Swissquote Bank: Changing investment landscape

Swissquote Bank: Changing investment landscape

Duurzaam beleggen biodiversiteit (credits pixabay, Nature_Design).jpg

The European stocks started the week near flat, while German companies gave back early gains, boosted by the idea – hope – that the new German government will relax spending rules and announce a special defence spending budget that could go up to 200bn euros to take its own security in its own hands for the first time since the WWII.

The military spending in Europe is becoming a major investment theme – unfortunately – and should also be complemented with massive spending in technology and industry. As such, BAE systems gained nearly 4% yesterday, the German Rheinmetall jumped more than 6.40% (and has doubled in value since the election). Overall, the defence themed funds are amassing an increasing amount of funds since the war in Ukraine started and inflows are seen accelerating as European countries face limited options to rebuild their militaries.

But...

Every penny spent on defence is one less penny spent elsewhere, and the latter could accelerate rotation toward the European equities. We agree that the US technology stocks – and their products – are much more exciting than military output. But even there, things are getting pretty political. Apple’s Tim Cook announced yesterday to spend as much as half a trillion USD domestically over the next four years and hire 20’000 workers in the US to produce AI servers.
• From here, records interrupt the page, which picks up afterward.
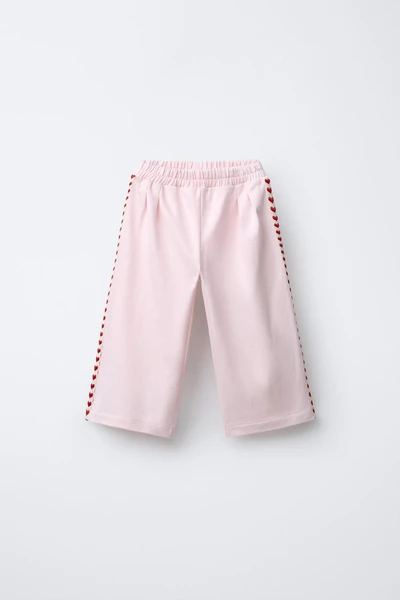 PANTALON À PINCES CŒURS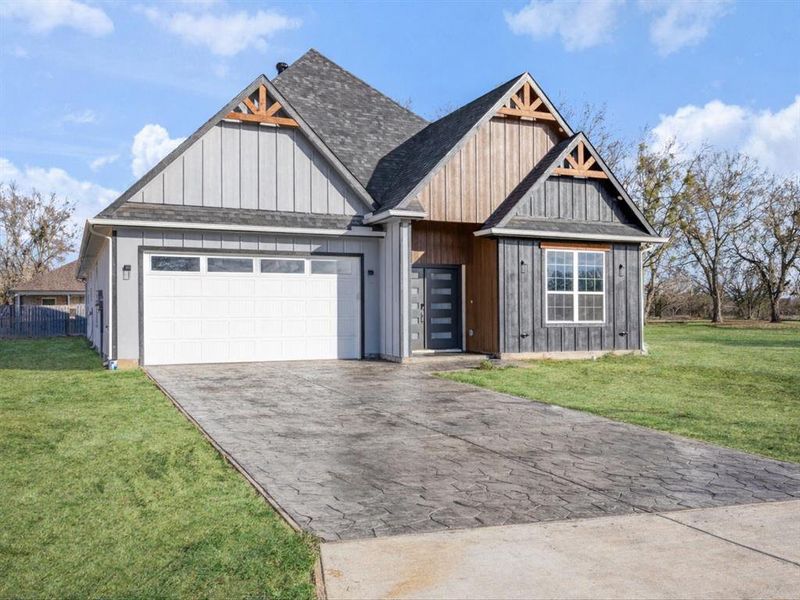 View of front of house with a front lawn, an attached garage, and driveway View of front of house with a front lawn, an attached garage, and driveway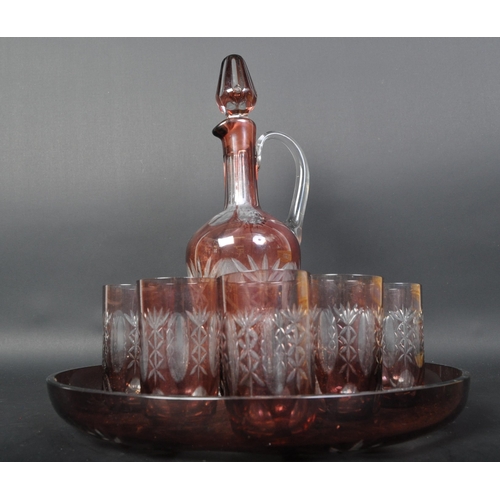 769 - A 20th Century cranberry glass decanter tray and drinking glasses. Having a pink and clear colourway... 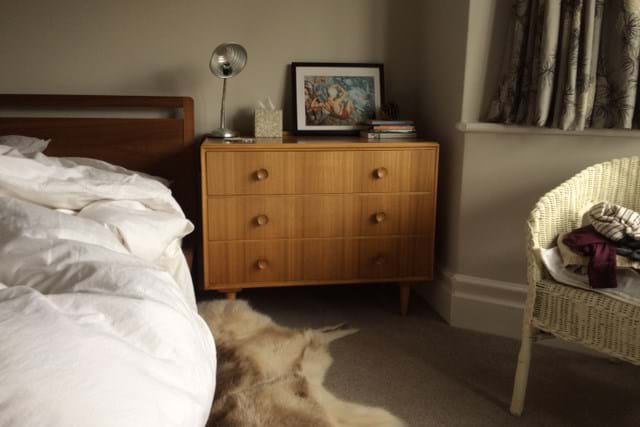 Chest of drawers next to a bed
Apple eked out a meager 0.63% - in quite a bearish session for the rest of the market – BUT geopolitically-backed investment motives could destroy investor value in the medium to long run.

Zooming out, the major US indices traded in the red on Monday, and selloff accelerated into the session end. The S&P500 slipped below the 50-DMA and closed below the 6000 mark. Nasdaq 100 also cleared its own 50-DMA. Microsoft fell more than 1% on news that they cancel some leases for US data center capacity raising concerns that the company could be in an oversupply position – and overestimated demand previously. That obviously casts a terrible doubt in AI investors’ minds given that the past two years’ rally is mostly based on the expectation that the demand will explode, and the companies would rather struggle with limited capacity rather than overcapacity. As such, Nvidia took a 3% hit yesterday. The company will report its Q4 earnings tomorrow.

Inside China

As the US tech companies announce plans to invest in the US to please Trump, Chinese equivalents do the same. Alibaba announced that it would spend more than $50bn in AI infrastructure in the next three years. The shares dropped 10% in New York yesterday. Yet dips could be interesting opportunities to strengthen long positions in Chinese technology giants. Alibaba’s cloud service will certainly benefit from the latest developments, while Cambricon Technologies – the leading AI chip designer in China – continues to push higher. The stock is up by more than 280% since September. By judging on how Nvidia performed over the past two years, the rally could develop further. Zooming out, the CSI 300 index recovered a part of early losses on news that Donald Trump told a government committee to crack down on Chinese investment in US tech, energy, and other critical sectors and is pushing Mexico to slap tariffs on Chinese imports too after Chinese firms have shifted production there to dodge the very duties Trump put in place during his first term.

Overall

The worsening geopolitical and trade outlook boost appetite for safer pockets of the market. The US 10-year yield pushed below the 4.40% mark, gold advanced to a fresh record high while the US dollar rebounded from the lowest levels since December. The EURUSD returned below the 1.05, while Cable failed to clear offers near1.2650, that matches the 100-DMA and the major 38.2% Fibonacci retracement. In the actual geopolitical setup, gold is certainly a better hedge than the US dollar and Treasuries.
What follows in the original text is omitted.